As a concept, it is in line with a general condition of instability due to the extensive disruptions brought on by the flows of capital. The wobbly, risky, financial and logistical edifice that supports Stable Diffusion's development testifies to this. The company Stability AI, funded by former edge fund manager Emad Mostaque, helped finance the transformation of the "technical" product into a software available to users and powered by an expensive infrastructure. It also made it possible to sell it as a service. To access large scale computing facilities, Mostaque raised $100 millions in venture capital.[12] His experience in the financial sector helped convince donors and secure the financial base. The investment was sufficient to give a chance to Stability to enter the market. Moving from the computer lab to a working infrastructure required to ground the diffusion algorithm into another material environment comprising Amazon servers, the JUWELS Booster supercomputer, tailor made data centers around the world.[13] This scattered infrastructure corresponds to the global distribution of the company's legal structure: one leg in the UK and one leg in Delaware. The latter offering a welcoming tax environment for companies. Dense networks of investors and servers supplement code. In that perspective, the development of the Stable Diffusion algorithm is inseparable from risk investment. These risks take the concrete form of a long string of controversies and lawsuits, especially for copyright infringement and the eventual firing of Mostaque from his position of CEO after aggressive press campaigns against his management. Across all its dimensions, the shaky nature of this assemblage mirrors the physical phenomenon Stable Diffusion's models simulate.
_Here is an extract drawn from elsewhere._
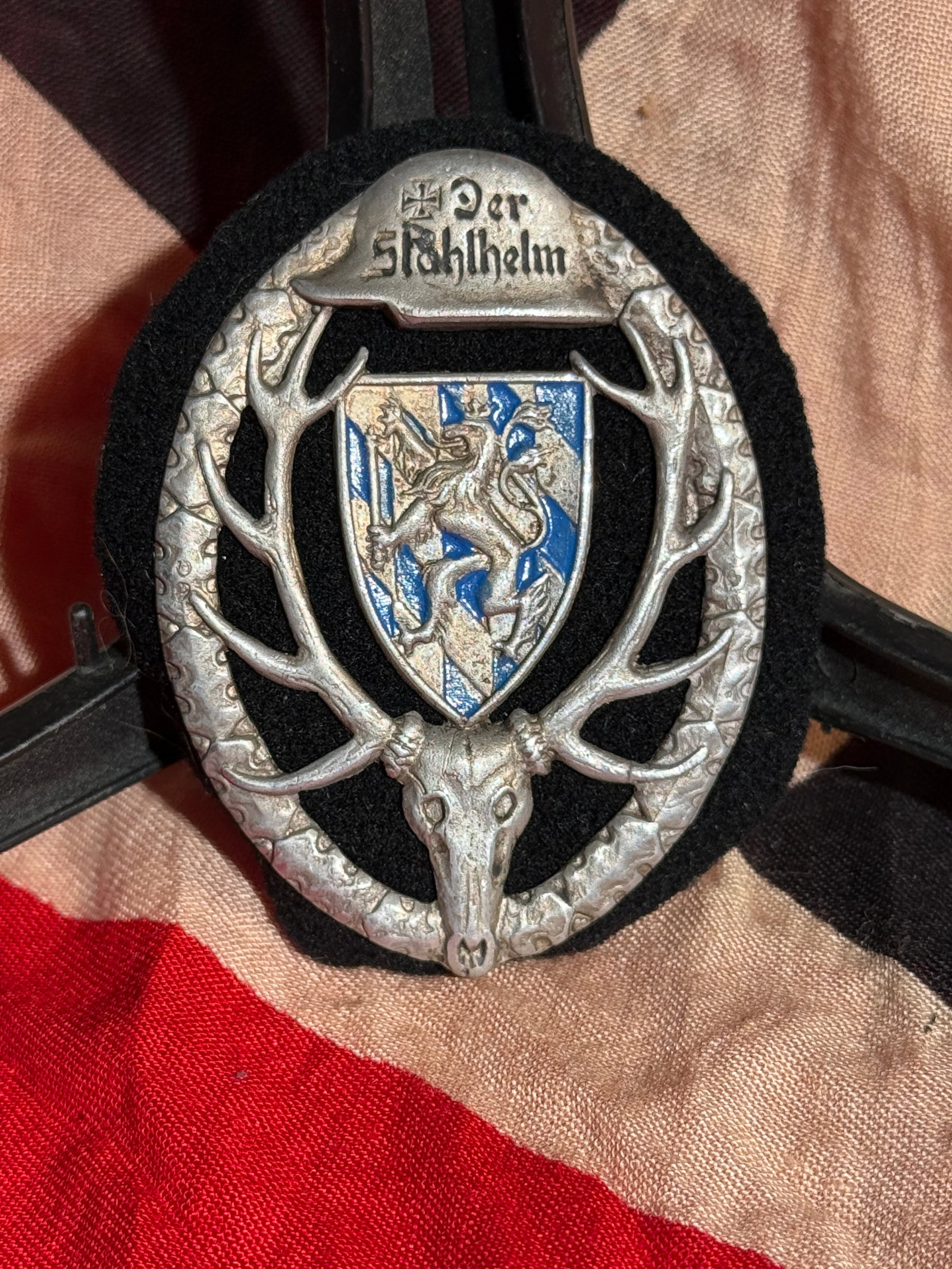 WW2 German Hunting Association Badge with Bavarian Coat of Arms and “Der Stahlhelm?? Helmet -: Maker Marked German hunting association (Jäger) badge featuring a stag skull and antlers surrounding a Bavarian coat of arms with lion and blue-white lozenges. Above the shield is a helmet bearing th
In short, stabilising diffusion means attending a huge range of problems happening simultaneously that require extremely different skills and competences such as algorithmic design, statistical optimization, identifying faulty GPUs, decide on batch sizes in training, and the impact of different floating-point formats on training stability, securing investment and managing delays in payment, pushing against legal actions, and, last but not least, aligning prompts and images.

How does diffusion create value? Or decrease / affect value?

The question of value needs to be addressed at different levels as we have chosen to treat diffusion as a complex of techniques, algorithm, software, metaphors and finance.

First, we can consider diffusion as an object concretised in a material form: the model. The model is at the core of a series of online platforms that monetize access to the model. With a subscription fee, users can generate images. Its value stems from the model's ability to generate images in a given style (i.e., Midjourney), with a good prompt adherence, reasonably fast. It is a familiar value form for models: AI as a service that generates revenue and capitalize on the size of a userbase.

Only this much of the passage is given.